Task item
Below are the records; copy exactly the stretch from the line containing "Title: Daddy's Hugs" through the line containing "L'Education Des Sexes", both ends included, and nothing else.

Records for processing
────────────────────────────────────────

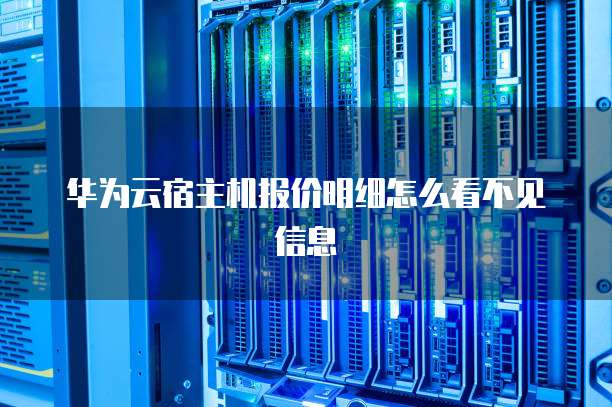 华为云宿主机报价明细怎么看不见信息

────────────────────────────────────────

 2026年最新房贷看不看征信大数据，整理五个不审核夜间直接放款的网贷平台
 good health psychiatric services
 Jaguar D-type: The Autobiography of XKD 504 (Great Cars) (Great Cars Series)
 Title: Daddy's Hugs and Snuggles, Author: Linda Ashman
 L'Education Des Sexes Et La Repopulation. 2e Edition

────────────────────────────────────────

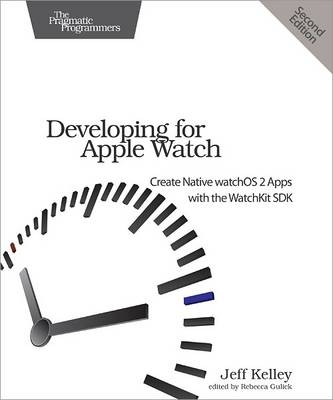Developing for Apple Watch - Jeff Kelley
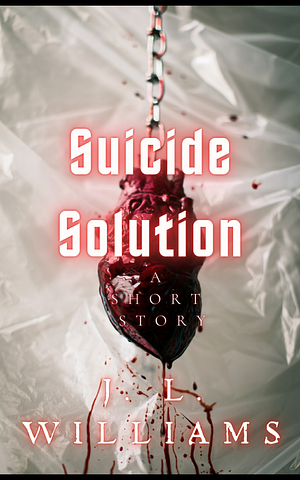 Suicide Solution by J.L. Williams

────────────────────────────────────────

Solution to the exercise
 Title: Daddy's Hugs and Snuggles, Author: Linda Ashman
 L'Education Des Sexes Et La Repopulation. 2e Edition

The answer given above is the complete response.